To that end, Hawthorne's group has used boron-containing liposomes to carry out numerous toxicity and biodistribution studies of boranes and carboranes in mice over the years, he says.
"We get tremendous uptake of the boron compounds in mice with high selectivity for tumors at low injected doses and low toxicity—all the good things you want," Hawthorne says. "But we never had a neutron source readily available where we could expose the mice, activate the boron, and try to save their bums." As a result, Hawthorne has never been able to prove that his liposome approach to BNCT works.
BUT AN INVITATION to give an after-dinner speech at the University of Missouri in spring 2005 changed all that. When Hawthorne got there, he met university officials and soon realized that the invitation was for more than just an after-dinner speech.
The University of Missouri has a medical school, veterinary school, engineering school, and the largest research nuclear reactor in the U.S., all on a single campus, Hawthorne points out. In one place there was everything he needed for BNCT, including eager scientists from every possible discipline willing to collaborate.
"That evening was a bit of a setup," Hawthorne now believes. "I was asked if I would be interested in relocating to head the new International Institute of Nano & Molecular Medicine." To make a long story short, he accepted.

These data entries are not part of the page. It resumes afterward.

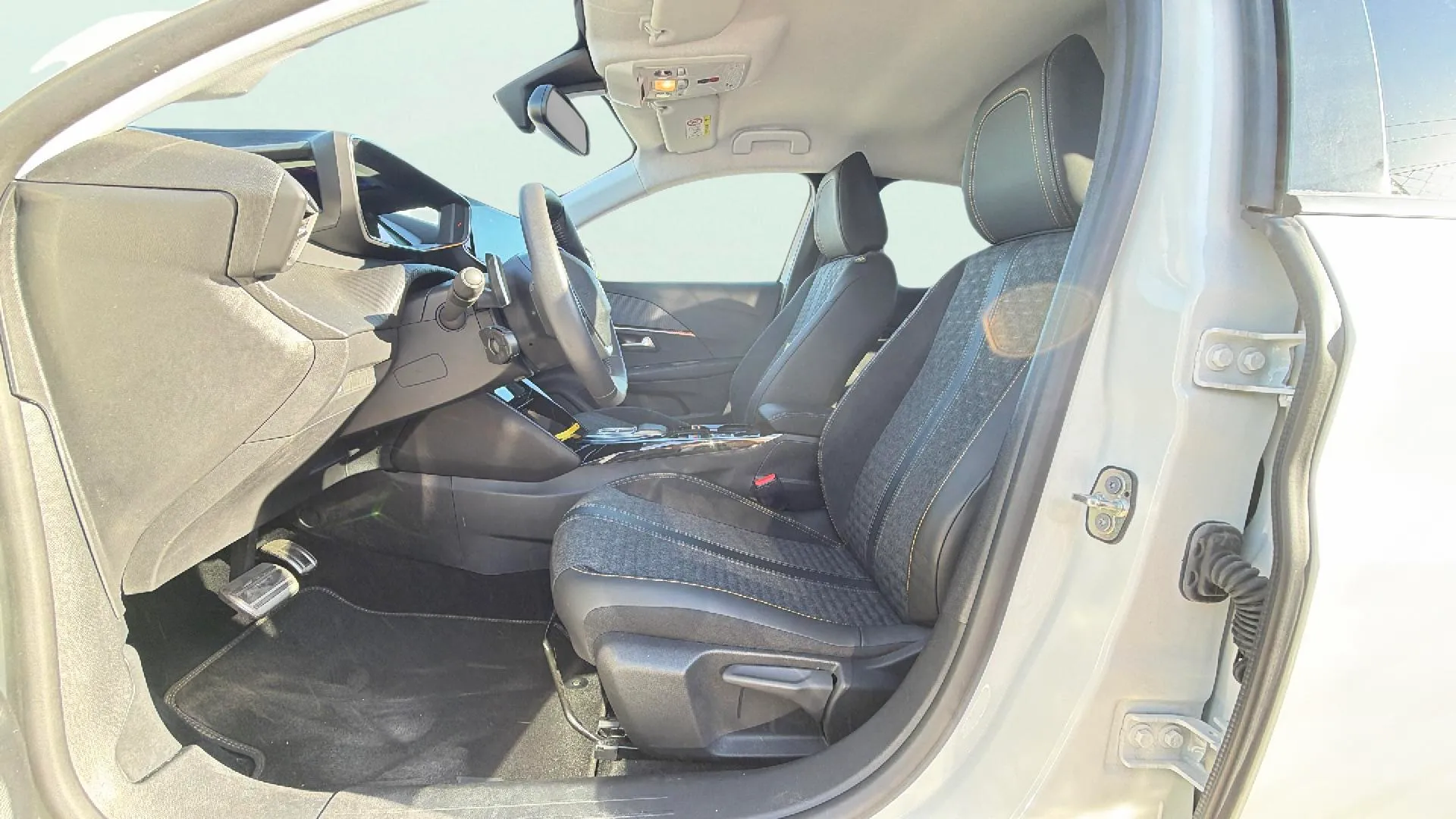 Peugeot 208 PureTech EAT8 Allure - foto 10
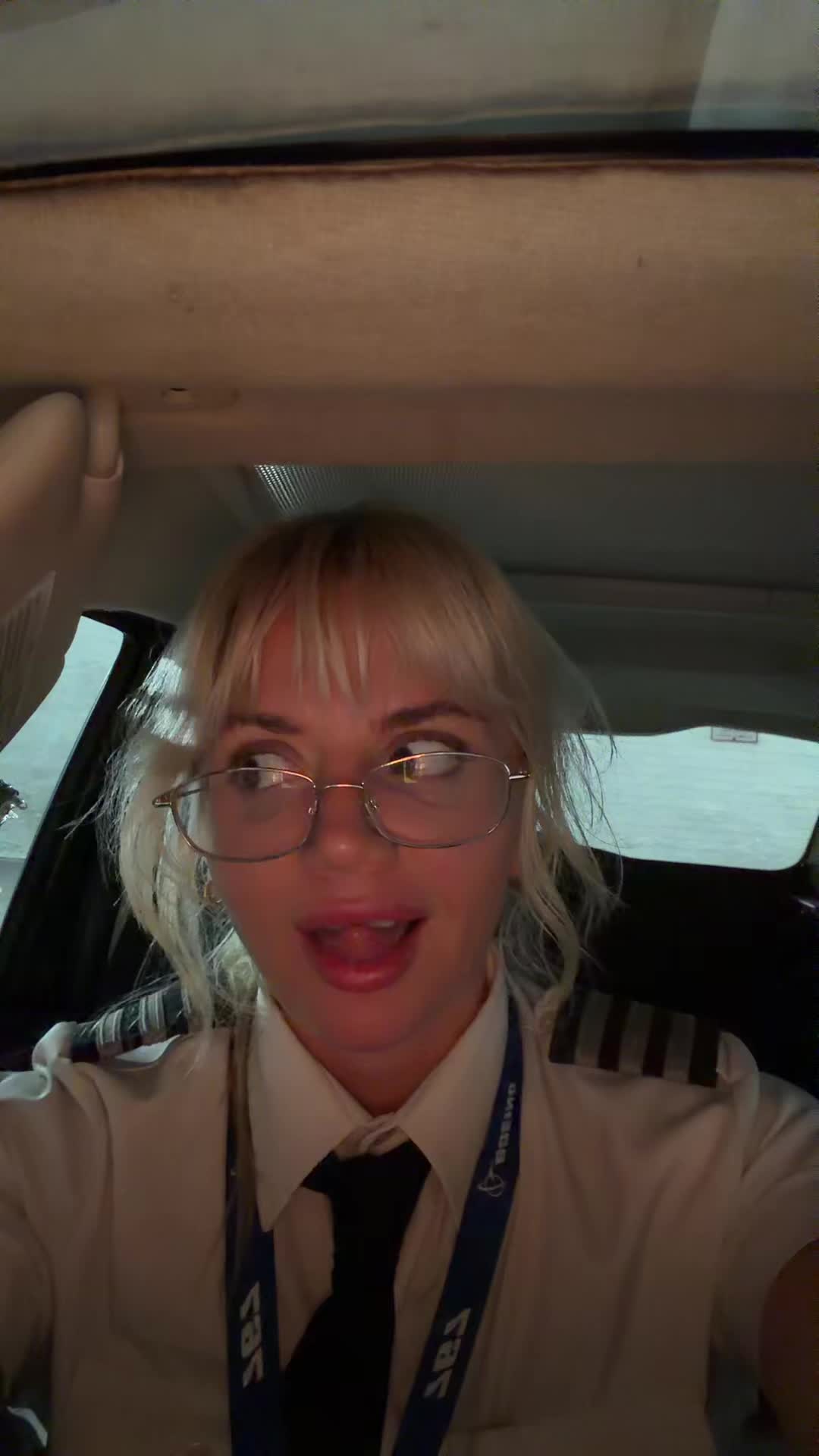 @Kristina 👩&zwj;✈️ the pilot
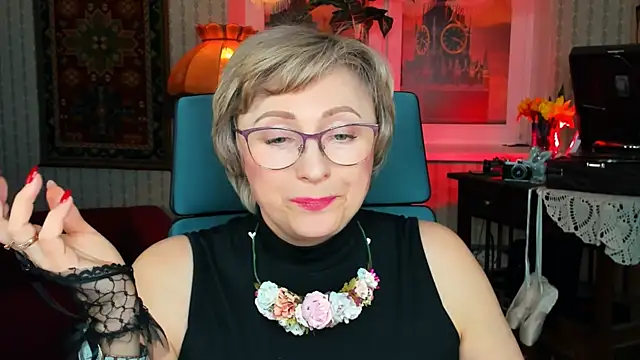 Snapshot of sugar_vivien chatting on March 5, 4:02 pm sugar vivien online show from March 5, 4:02 pm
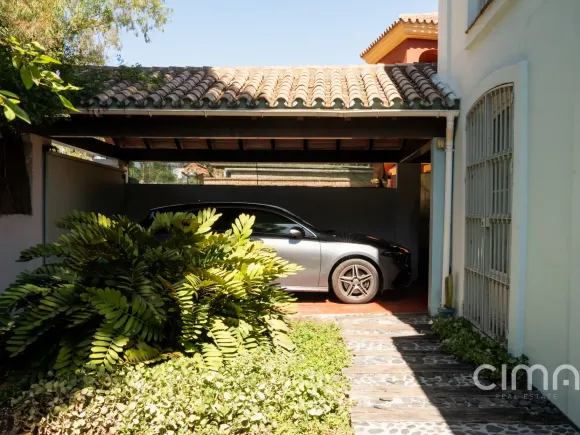 Frontline golf townhouse in Guadalmina Alta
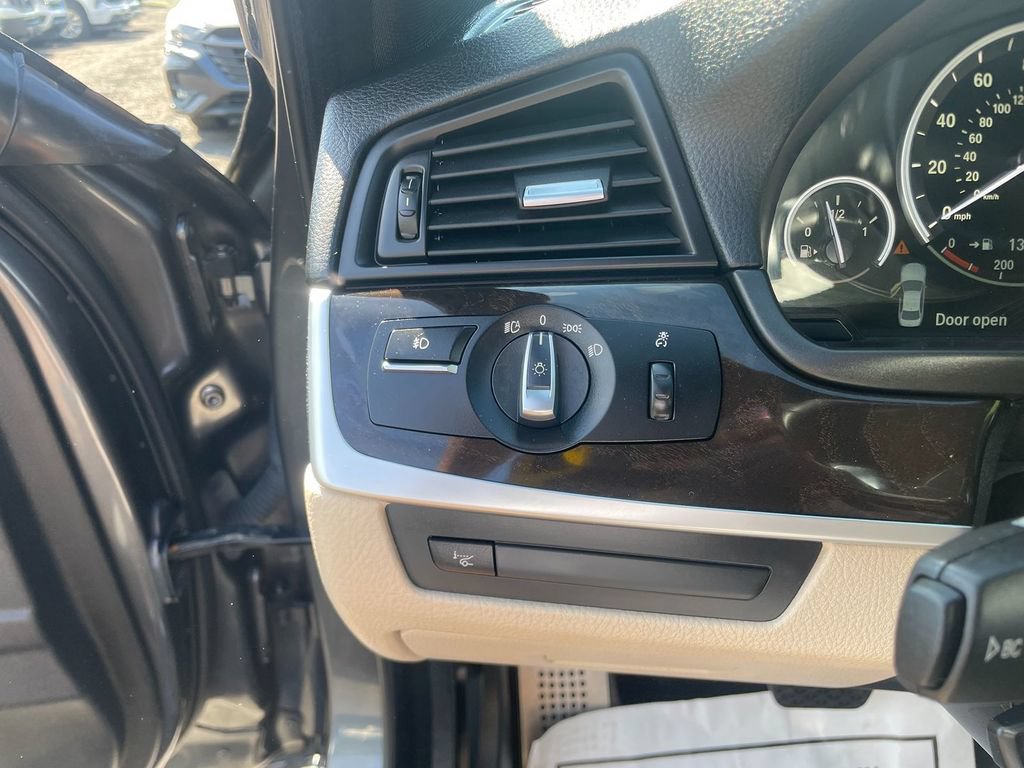 Used 2016 BMW 535i Sedan RWD image 14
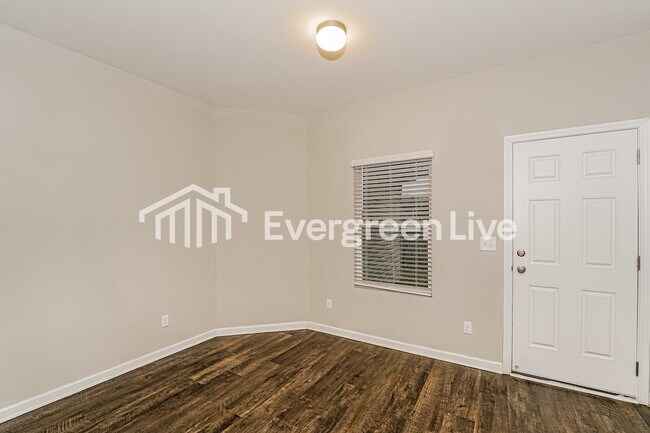 Foto del edificio - 16366 Creek Dr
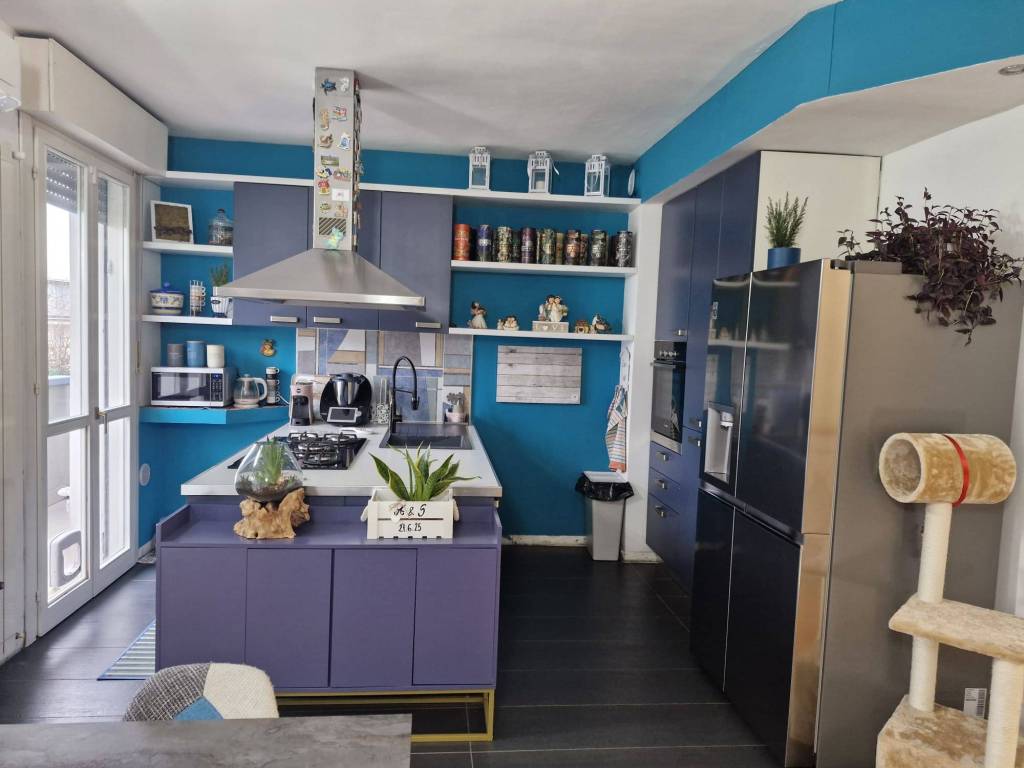 appartamento in vendita a Parma in zona Cittadella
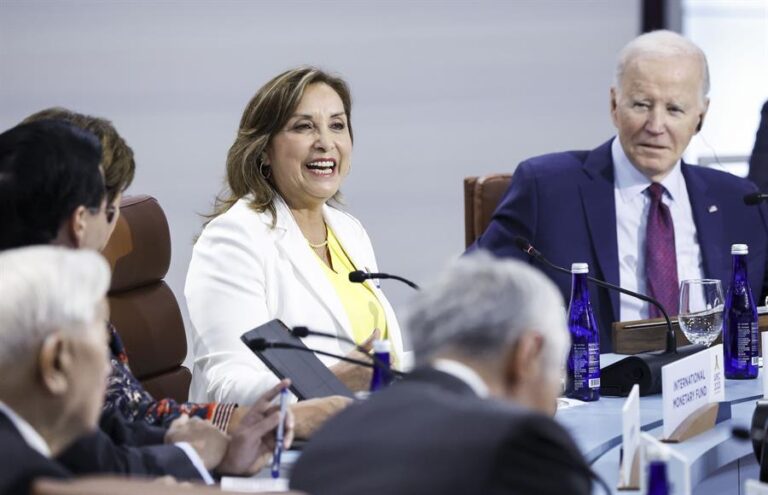 Perú asume presidencia pro tempore de APEC tras transferencia de Estados Unidos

The institute now has a new research building, which took only about 18 months to build—"a good example of a scientific barn raising," Hawthorne says. It is across the street from the research reactor, and a neutron beam line dedicated to exploratory BNCT research supports the two facilities.
"So that's where we are at the University of Missouri—a new beginning," Hawthorne says enthusiastically. Although the institute's scientists plan to investigate a wide variety of biomedical pursuits, the first order of business is BNCT. "Our plan is to start irradiating mice," he says. "Once we do mice, we will move to larger animals, and then finally to people. Perhaps within the next five years, human testing with our compounds may be possible."
Hawthorne also aims to move beyond liposomes to develop nanoparticles using B12(OH)122- as a core. The B12(OH)122- anion acts much like a sugar, and the hydroxyl groups of these compounds are easily converted to esters, ethers, and carbamates for linking up payload molecules, he says.
The researchers have already shown that it's possible to functionalize the borane hydroxyl groups with an antibody or peptide for targeting to protein receptors in cells, fluorescent groups for optical monitoring, gadolinium complexes for magnetic resonance imaging, and antibiotics or anticancer drugs that can work in concert with BNCT. The 12 boron sites allow delivery of many copies of a single reagent or, in the ultimate case, a combination of functional groups that can target specific tissues, facilitate imaging, and carry out life-saving therapy all in one blow, Hawthorne notes.
"It has been a long road," Hawthorne says, but he thinks he is finally on the verge of seeing his life's work come to full fruition. He believes boranes and carboranes will eventually be as ubiquitous in medical diagnostics and pharmaceuticals as organic compounds. Hawthorne isn't waiting around hoping that will happen; in his typical dynamic fashion, he is seeing to it that it will happen.